§ **Try it**: Write out the stretch of lines below that begins at the line with "TORTA KOJA SE" and ends at the line with "5 bedrooms Villa in Rabat, Malta No. 3745 23", including both, exactly as given and nothing more.
═══ Records for the exercise
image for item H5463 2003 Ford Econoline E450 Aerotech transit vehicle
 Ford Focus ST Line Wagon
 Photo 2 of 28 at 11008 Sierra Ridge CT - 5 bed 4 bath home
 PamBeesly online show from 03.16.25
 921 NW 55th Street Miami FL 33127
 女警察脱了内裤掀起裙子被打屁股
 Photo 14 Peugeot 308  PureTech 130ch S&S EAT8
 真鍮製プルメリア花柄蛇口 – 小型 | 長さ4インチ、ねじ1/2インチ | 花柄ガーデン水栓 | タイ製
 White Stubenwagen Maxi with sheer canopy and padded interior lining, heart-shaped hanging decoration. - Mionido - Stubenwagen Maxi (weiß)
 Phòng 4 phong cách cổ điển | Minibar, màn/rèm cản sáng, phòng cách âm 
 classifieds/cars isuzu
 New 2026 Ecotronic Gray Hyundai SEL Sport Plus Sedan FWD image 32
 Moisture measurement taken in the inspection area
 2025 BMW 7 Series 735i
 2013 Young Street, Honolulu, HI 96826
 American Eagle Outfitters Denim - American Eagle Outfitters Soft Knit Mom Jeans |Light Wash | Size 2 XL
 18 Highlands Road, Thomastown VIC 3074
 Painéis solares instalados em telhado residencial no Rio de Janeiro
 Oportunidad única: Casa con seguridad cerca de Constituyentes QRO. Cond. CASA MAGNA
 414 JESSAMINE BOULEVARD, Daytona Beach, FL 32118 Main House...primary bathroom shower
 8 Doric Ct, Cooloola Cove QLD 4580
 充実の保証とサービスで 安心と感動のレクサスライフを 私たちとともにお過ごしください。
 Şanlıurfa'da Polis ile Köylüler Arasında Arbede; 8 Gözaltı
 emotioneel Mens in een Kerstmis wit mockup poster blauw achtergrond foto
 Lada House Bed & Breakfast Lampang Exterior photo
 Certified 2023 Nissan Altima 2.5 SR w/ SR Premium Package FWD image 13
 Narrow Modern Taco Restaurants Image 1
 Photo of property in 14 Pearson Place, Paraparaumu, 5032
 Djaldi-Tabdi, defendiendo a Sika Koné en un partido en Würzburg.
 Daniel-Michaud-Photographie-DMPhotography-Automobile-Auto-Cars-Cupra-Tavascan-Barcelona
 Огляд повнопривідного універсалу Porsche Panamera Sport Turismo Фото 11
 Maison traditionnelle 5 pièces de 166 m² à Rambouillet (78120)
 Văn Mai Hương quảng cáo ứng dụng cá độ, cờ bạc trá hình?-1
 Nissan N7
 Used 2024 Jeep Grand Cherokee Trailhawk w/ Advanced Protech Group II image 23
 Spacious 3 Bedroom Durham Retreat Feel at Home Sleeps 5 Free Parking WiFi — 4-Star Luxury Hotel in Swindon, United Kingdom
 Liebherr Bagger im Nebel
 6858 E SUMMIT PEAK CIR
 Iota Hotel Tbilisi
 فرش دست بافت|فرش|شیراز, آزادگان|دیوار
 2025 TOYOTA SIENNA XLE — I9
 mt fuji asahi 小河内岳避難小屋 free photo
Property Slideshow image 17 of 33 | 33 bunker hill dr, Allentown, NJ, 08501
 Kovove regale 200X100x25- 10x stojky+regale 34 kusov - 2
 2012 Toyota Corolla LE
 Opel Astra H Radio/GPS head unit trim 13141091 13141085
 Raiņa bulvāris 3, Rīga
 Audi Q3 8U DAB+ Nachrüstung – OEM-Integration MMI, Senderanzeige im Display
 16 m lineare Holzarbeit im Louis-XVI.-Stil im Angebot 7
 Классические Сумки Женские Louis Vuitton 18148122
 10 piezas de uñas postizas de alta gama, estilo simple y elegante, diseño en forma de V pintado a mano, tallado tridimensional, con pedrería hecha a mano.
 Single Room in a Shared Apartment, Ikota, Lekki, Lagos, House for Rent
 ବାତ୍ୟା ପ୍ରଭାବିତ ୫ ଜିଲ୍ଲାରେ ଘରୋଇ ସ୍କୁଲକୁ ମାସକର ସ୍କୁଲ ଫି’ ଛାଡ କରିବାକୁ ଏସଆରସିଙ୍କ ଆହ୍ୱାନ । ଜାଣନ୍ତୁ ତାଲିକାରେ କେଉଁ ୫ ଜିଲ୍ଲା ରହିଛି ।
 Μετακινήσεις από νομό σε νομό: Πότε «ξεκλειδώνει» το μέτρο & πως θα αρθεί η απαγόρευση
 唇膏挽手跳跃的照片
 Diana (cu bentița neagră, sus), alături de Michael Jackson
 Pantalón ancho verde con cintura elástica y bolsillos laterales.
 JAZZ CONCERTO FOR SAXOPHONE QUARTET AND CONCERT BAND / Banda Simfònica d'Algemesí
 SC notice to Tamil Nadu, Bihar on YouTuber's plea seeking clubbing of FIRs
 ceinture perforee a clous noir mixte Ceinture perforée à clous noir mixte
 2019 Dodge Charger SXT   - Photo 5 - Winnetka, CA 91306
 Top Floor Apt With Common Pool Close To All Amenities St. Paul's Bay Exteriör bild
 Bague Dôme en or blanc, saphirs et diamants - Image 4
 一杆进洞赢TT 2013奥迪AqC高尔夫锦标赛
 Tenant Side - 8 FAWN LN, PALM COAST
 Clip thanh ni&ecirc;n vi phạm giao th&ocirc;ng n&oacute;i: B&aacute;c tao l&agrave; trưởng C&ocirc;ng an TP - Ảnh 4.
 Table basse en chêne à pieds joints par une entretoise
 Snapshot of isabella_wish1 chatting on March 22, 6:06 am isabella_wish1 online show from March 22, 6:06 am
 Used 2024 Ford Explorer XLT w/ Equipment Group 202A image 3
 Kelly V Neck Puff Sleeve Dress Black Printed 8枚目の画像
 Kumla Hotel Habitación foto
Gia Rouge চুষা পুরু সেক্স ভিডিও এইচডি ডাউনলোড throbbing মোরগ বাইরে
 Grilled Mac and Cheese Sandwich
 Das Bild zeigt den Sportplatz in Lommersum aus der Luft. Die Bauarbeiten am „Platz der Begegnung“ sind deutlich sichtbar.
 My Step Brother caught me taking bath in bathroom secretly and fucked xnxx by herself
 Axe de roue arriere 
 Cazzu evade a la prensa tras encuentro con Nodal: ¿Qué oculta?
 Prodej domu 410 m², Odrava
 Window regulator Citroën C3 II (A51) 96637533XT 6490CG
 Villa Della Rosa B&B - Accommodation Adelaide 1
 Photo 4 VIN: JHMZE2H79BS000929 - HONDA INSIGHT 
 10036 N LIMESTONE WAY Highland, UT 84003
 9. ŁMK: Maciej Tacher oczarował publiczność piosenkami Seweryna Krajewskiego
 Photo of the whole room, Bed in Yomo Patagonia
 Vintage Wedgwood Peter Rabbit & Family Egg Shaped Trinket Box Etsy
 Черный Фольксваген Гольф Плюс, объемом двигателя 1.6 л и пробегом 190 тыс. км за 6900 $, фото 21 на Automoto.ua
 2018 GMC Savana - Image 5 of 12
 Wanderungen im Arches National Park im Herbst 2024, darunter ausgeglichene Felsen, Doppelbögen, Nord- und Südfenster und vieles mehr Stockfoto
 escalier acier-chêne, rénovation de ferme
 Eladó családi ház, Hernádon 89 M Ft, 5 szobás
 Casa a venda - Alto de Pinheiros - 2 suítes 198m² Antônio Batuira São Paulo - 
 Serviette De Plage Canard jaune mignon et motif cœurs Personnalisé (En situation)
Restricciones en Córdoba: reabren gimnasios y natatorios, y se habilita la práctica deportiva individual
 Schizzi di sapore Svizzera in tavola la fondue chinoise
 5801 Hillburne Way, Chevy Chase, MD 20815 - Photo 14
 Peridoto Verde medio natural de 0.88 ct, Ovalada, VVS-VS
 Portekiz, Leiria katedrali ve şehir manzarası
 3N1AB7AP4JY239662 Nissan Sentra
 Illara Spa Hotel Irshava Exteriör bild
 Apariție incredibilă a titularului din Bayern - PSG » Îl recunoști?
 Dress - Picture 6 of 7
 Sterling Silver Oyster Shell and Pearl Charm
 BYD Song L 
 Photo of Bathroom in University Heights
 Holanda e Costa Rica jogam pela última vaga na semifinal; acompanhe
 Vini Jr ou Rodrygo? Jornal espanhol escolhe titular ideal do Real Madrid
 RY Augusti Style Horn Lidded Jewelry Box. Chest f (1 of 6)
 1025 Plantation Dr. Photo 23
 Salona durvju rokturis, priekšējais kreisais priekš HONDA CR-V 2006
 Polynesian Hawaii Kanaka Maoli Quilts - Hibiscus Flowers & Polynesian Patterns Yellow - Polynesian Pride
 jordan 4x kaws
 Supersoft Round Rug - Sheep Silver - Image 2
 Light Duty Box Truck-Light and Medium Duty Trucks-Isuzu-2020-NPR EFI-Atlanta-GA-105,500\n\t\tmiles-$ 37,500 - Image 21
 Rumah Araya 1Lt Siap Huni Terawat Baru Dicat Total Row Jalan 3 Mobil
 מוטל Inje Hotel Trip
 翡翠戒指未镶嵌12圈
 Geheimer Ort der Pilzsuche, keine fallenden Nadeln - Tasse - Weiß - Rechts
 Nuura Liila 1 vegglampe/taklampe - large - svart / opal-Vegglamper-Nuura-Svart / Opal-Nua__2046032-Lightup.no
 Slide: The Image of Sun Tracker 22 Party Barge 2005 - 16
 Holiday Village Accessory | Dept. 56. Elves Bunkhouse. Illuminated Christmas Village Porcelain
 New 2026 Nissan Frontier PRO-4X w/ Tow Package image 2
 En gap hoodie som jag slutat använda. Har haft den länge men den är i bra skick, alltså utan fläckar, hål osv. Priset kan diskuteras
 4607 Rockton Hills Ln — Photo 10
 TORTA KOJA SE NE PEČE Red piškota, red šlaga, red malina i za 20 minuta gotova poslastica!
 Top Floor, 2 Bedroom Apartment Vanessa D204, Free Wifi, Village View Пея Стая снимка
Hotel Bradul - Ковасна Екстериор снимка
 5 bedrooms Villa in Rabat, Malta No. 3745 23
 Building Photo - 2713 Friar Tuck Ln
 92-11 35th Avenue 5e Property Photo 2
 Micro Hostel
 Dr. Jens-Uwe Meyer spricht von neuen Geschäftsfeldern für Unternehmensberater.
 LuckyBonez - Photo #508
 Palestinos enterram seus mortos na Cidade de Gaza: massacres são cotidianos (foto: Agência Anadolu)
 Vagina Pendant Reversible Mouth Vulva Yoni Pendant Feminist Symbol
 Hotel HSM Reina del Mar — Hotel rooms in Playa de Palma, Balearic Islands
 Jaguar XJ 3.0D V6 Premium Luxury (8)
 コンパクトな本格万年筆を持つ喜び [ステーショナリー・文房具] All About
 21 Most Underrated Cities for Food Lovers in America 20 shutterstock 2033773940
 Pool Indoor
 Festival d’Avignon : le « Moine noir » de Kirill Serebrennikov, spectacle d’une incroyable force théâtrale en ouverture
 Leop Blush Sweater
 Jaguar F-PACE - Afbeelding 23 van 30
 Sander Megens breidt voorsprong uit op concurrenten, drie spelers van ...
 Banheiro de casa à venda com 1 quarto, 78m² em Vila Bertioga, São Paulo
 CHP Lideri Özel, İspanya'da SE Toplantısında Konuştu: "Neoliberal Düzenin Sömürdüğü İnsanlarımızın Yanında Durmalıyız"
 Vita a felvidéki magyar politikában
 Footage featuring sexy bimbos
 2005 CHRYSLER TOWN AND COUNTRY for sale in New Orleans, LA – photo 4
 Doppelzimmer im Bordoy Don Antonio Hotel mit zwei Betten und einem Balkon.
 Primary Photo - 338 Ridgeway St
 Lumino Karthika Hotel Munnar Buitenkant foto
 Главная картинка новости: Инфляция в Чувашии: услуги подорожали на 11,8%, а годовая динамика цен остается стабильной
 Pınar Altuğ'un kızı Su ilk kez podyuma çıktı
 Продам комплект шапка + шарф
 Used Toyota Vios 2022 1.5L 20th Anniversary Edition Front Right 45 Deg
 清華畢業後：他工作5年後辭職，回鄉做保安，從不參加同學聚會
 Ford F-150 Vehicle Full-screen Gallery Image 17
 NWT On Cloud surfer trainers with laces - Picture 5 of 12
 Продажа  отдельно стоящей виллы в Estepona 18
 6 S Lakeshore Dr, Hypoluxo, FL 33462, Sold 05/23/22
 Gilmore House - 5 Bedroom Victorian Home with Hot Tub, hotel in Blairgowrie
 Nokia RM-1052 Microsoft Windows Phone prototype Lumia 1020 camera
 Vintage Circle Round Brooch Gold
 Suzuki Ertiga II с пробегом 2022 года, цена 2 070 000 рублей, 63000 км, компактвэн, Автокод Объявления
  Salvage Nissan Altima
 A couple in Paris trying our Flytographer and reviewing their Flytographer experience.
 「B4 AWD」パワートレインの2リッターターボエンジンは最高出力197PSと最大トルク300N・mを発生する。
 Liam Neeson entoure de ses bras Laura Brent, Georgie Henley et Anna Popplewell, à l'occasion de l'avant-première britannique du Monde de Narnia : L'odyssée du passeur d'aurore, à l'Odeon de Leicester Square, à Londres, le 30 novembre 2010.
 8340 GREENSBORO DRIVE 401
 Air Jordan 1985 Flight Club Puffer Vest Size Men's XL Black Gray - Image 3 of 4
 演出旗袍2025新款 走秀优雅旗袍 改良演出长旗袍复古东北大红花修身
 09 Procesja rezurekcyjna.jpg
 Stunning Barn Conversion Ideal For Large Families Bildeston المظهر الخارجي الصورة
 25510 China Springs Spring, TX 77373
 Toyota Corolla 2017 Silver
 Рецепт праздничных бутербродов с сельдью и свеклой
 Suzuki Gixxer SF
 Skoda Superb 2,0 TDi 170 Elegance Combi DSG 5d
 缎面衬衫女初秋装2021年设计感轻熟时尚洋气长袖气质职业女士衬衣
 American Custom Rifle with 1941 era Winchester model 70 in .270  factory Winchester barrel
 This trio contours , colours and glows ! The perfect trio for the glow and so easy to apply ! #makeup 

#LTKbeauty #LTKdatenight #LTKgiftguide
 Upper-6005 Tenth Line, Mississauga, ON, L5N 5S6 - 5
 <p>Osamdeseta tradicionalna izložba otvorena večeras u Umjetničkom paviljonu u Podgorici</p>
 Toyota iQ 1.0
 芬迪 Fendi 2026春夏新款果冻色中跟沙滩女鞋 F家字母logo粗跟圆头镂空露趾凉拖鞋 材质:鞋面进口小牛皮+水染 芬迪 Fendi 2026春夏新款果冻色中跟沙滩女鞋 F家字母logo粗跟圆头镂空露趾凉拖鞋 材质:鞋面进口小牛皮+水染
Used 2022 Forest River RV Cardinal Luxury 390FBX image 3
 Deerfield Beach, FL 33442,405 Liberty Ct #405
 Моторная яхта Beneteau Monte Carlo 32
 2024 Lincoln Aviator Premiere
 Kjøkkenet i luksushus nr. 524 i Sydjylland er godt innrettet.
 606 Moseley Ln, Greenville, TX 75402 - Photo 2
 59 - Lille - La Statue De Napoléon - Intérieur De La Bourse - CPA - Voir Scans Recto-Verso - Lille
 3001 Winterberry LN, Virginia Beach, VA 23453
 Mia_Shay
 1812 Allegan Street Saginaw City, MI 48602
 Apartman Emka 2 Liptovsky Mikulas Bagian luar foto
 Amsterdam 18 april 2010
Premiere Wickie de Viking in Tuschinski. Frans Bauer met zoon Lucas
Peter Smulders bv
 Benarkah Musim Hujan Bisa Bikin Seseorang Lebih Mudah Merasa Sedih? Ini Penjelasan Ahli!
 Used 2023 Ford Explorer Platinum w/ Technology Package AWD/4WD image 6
══════
§ **Task response**:
 TORTA KOJA SE NE PEČE Red piškota, red šlaga, red malina i za 20 minuta gotova poslastica!
 Top Floor, 2 Bedroom Apartment Vanessa D204, Free Wifi, Village View Пея Стая снимка
Hotel Bradul - Ковасна Екстериор снимка
 5 bedrooms Villa in Rabat, Malta No. 3745 23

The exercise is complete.